Exiger des conditions minimales de démocratie

Le vrai danger, c’est que les Africains risquent de perdre confiance dans les institutions démocratiques limitées qu’ils ont à leur disposition. Les Nigérians ont boudé une parodie d’élection avec un cynisme alarmant en avril 2008. Les vrais sentiments émergeront plus tard : les individus trouveront de plus en plus refuge dans le tribalisme, la violence ou le fondamentalisme religieux. Et beaucoup renonceront et émigreront.

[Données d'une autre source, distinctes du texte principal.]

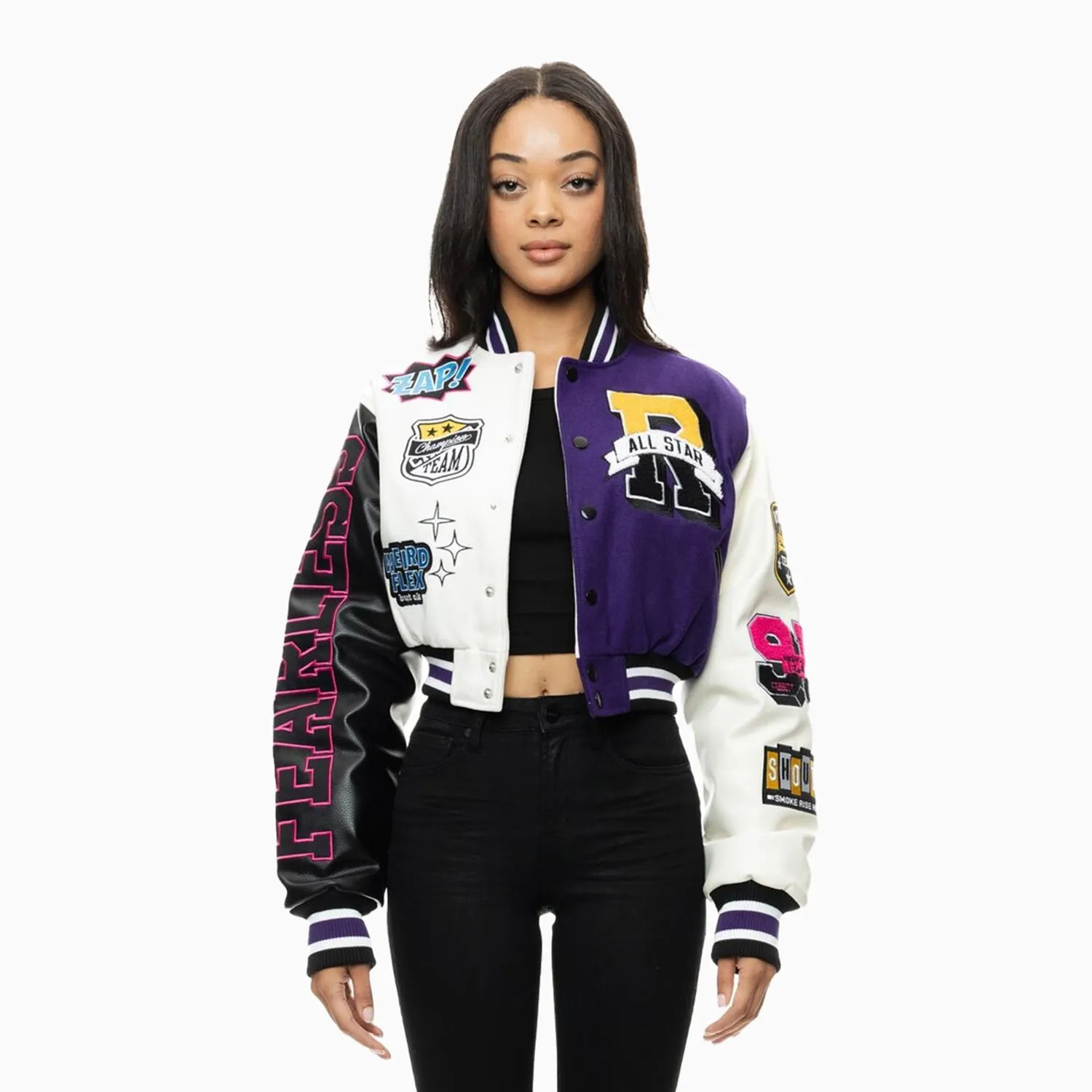 Women's All Star Crop Varsity Wool Jacket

Sur le papier, nombre d’économies africaines sont florissantes. Pourtant, la croissance n’a pas provoqué la ­stabilité politique. C’est même le contraire : le flux de biens de consommation résultant de la croissance n’est pas accessible à tous dans les pays mal gouvernés. L’augmentation des prix des produits alimentaires creuse encore le gouffre entre riches et pauvres. Elle touche certaines des villes à la croissance la plus rapide du monde, des villes remplies de jeunes hommes âgés de 16 à 24 ans bien éduqués, sous-employés, en colère et malléables. Nous verrons probablement d’autres implosions sociales sur le continent, en particulier au moment des élections.

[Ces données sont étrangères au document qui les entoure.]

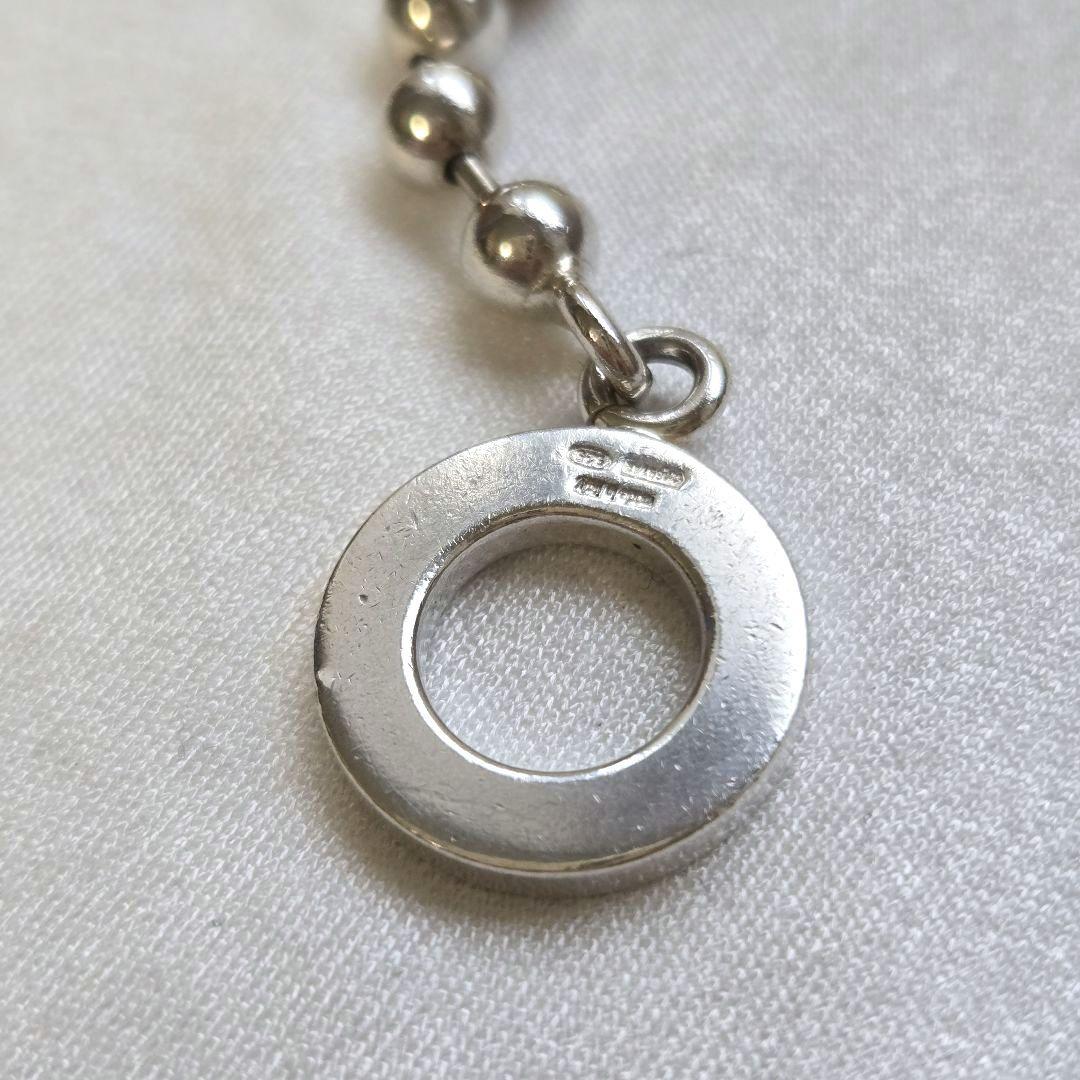 【☆オレンジ☆】GUCCI グッチ ボールチェーン シルバーブレスレット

Comme ces problèmes sont continentaux, l’outil le plus approprié pour les régler est l’Union africaine (UA). Le principe africain de non-ingérence dans les affaires du voisin a été ébranlé par le génocide rwandais. Il marque encore partiellement l’UA, qui rechigne à intervenir par la force dans les pays mal gouvernés. L’évolution de la situation au Zimbabwe est en train de changer les choses. La crise zimbabwéenne doit également modifier un autre principe cardinal africain : l’inviolabilité des frontières héritées de colonialisme. Les migrations, l’urbanisation et la libre circulation de l’information font que les frontières ont de moins en moins de sens. L’Afrique du Sud, par exemple, ne peut pas se débarrasser aisément de ses 3 millions de réfugiés zimbabwéens. Les problèmes du Zimbabwe sont désormais les siens. Et aussi ceux de l’Afrique. La même chose vaut pour l’Afrique de l’Est : si le Kenya attrape la fièvre, l’Ouganda, la Tanzanie, le Rwanda, le Burundi et le Congo ne seront pas épargnés.

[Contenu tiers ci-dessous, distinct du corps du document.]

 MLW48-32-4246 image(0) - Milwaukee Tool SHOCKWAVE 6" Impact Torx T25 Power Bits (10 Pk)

Pour que l’Union africaine soit plus volontariste, les Africains doivent poser des conditions minimales de démocratie et de gestion économique aux Etats membres. Aujourd’hui, les gangsters siègent aux côtés de dirigeants ayant des aspirations démocratiques sérieuses. Il faut abroger les législations répressives des pays membres. Les pays membres doivent établir des institutions démocratiques crédibles, en particulier des tribunaux et des commissions électorales. Il faut des institutions panafricaines efficaces, comme une Cour suprême et une Cour constitutionnelle. Ces organes doivent êtres indépendants et avoir compétence sur certains domaines dans les Etats membres, de sorte que, quand un tyran comme Mugabe fera son apparition, il ne pourra plus compter sur le soutien des autres voyous comme lui.
La charte de l’UA doit être réformée et ne plus protéger la souveraineté des pays, mais les Africains eux-mêmes. Un ressortissant d’un pays membre doit pouvoir saisir l’UA s’il est l’objet de mauvais traitements ou de discriminations en raison de sa race, de son origine ethnique, de sa religion ou de son sexe. Il faut une procédure pour destituer les dirigeants qui commencent comme démocrates, mais deviennent des tyrans.

Les pays qui remplissent ces conditions devront être récompensés. Actuellement, certains donateurs injectent de l’argent dans des régimes qui organisent le renversement de la démocratie. A l’heure où le groupe des huit principaux pays industrialisés se prépare à discuter de l’aide à l’Afrique, outre la santé et l’éducation, il faut qu’il investisse dans le renforcement de l’UA.

Si l’on n’agit pas maintenant, l’Afrique risque de ne jamais rattraper les économies florissantes de l’Orient et de l’Occident. C’est peut-être notre meilleure chance depuis l’indépendance de nous réorganiser, de nous consolider avant de passer au niveau suivant. Le recul de la démocratie en Afrique peut soit nous démoraliser, soit nous contraindre à agir.